- O Exército de Libertação Nacional (ELN) anunciou cessar-fogo unilateral entre os dias que antecedem a votação de 31 de maio, para respeitar o direito de voto.
- A dissidência das antigas Farc, o Estado-Maior Central, também suspendeu operações ofensivas entre 20 de maio e 10 de junho.
- As pausas ocorrem em meio à piora da segurança pública na Colômbia, com aumento de ameaças a candidatos e violência política.
- Candidatos reforçam proteção e protocolos de segurança, diante de ataques e atentados relatados durante a campanha.
- O contexto eleitoral envolve disputas sobre a resposta a grupos armados e narcotráfico, com Iván Cepeda alvo de ameaças e Gustavo Petro recebendo informações sobre planos de atentado.

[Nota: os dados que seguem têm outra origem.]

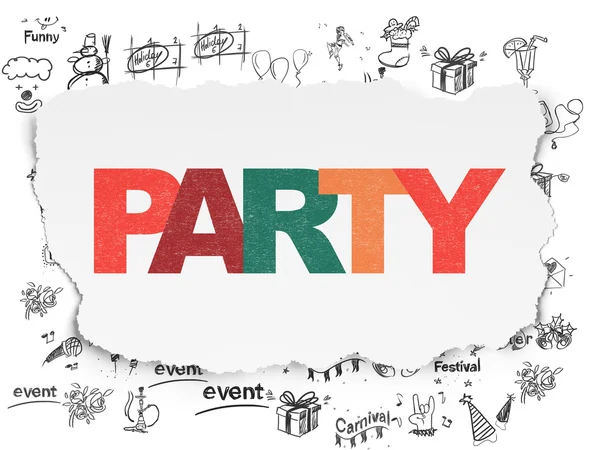 Концепция праздника: Вечеринка на фоне порванной бумаги — стоковое фото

Em menos de duas semanas do primeiro turno da eleição presidencial na Colômbia, dois dos principais grupos armados anunciaram cessar-fogo temporário. O ELN informou que fará um cessar-fogo unilateral entre os dias que antecedem a votação de 31 de maio para respeitar o voto. O anúncio ocorreu dias após a dissidência das Farc, o Estado-Maior Central, também suspender operações de 20 de maio a 10 de junho.

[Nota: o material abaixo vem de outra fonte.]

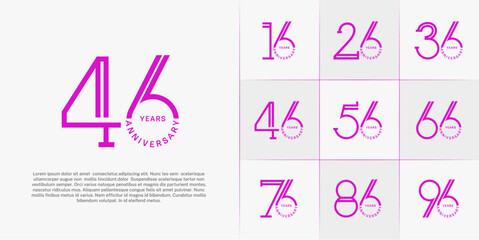set of anniversary logotype purple color for special celebration event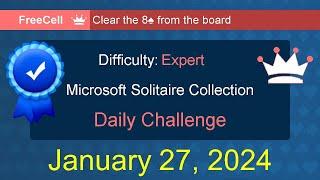Microsoft Solitaire Collection: FreeCell - Expert - January 27, 2024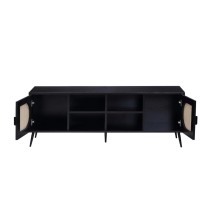 60 Inch TV Entertainment Center, Rattan Front 2 Cabinet, Metal Legs, Black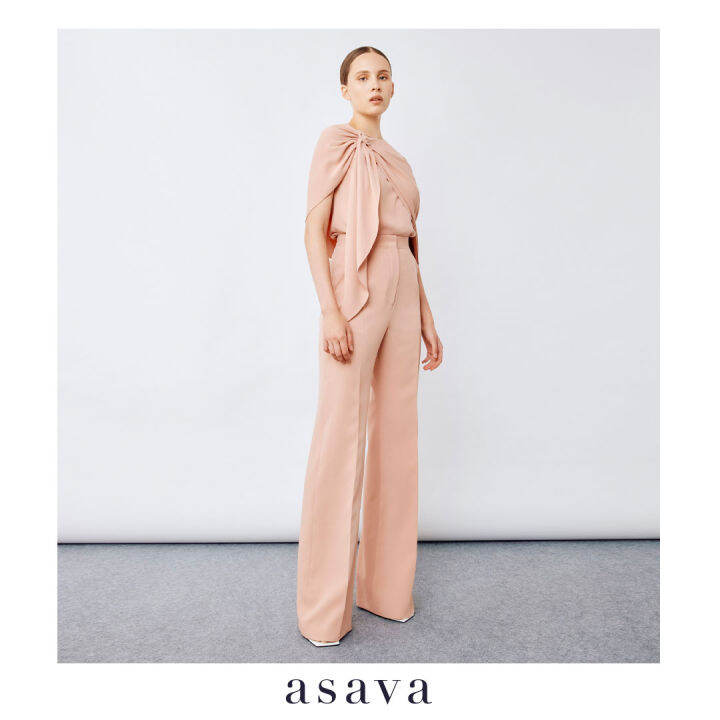 asava-aw22-asava-classic-high-waisted-straight-leg-pants-กางเกงผู้หญิง-อาซาว่า-เอวสูง-ทรงตรง-กระเป๋าเฉียง-ซิปหน้า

A deterioração da segurança pública no país acompanha a reta final da campanha. A violência envolve ataques e ameaças contra candidatos, elevando a tensão política em meio ao pleito que define o próximo presidente para 2026-2030. A disputa ocorre no contexto de fortalecimento de discurso anticrime.
O ELN, grupo atuante há décadas, busca ampliar a visibilidade de sua presença durante o processo eleitoral, segundo analistas. Já a dissidência das Farc opera em regiões estratégicas, mantendo resistência ao acordo de paz de 2016. As informações sobre os cessar-fogos foram confirmadas por autoridades militares.
Entre os candidatos, o atual governo enfatiza protocolos de segurança mais rígidos para proteger equipes e apoiadores. A campanha também registra relatos de ameaças e de uso de escoltas especiais para alguns nomes, como advogados e senadores ligados ao tema de segurança.
O senador Iván Cepeda, aliado do governo, recebeu informações sobre possível plano de atentado. Gustavo Petro já mencionou riscos ao processo eleitoral e ao futuro governo. A segurança dos comícios e encontros públicos passou a exigir maior planejamento logístico.
Enquanto isso, o debate eleitoral tende a ser reorganizado pela violência. Iván Cepeda representa a continuidade da linha de negociação com grupos armados, contrastando com adversários que defendem respostas mais duras. A crise de segurança se agrava à frente do pleito.
Contexto de segurança
A Colômbia enfrenta a pior crise de violência em cerca de uma década, com aumento de ataques, dissidências armadas e avanço territorial de facções. A situação eleva a pressão sobre o modelo de segurança atual e as estratégias dos contendores políticos.
Próximos passos eleitorais
O pleito ocorre em meio a medidas de proteção reforçadas para candidatos e campanhas. A realização do primeiro turno no dia 31 de maio é vista como momento decisivo para o equilíbrio de forças no país. A estabilidade da votação permanece sob monitoramento institucional.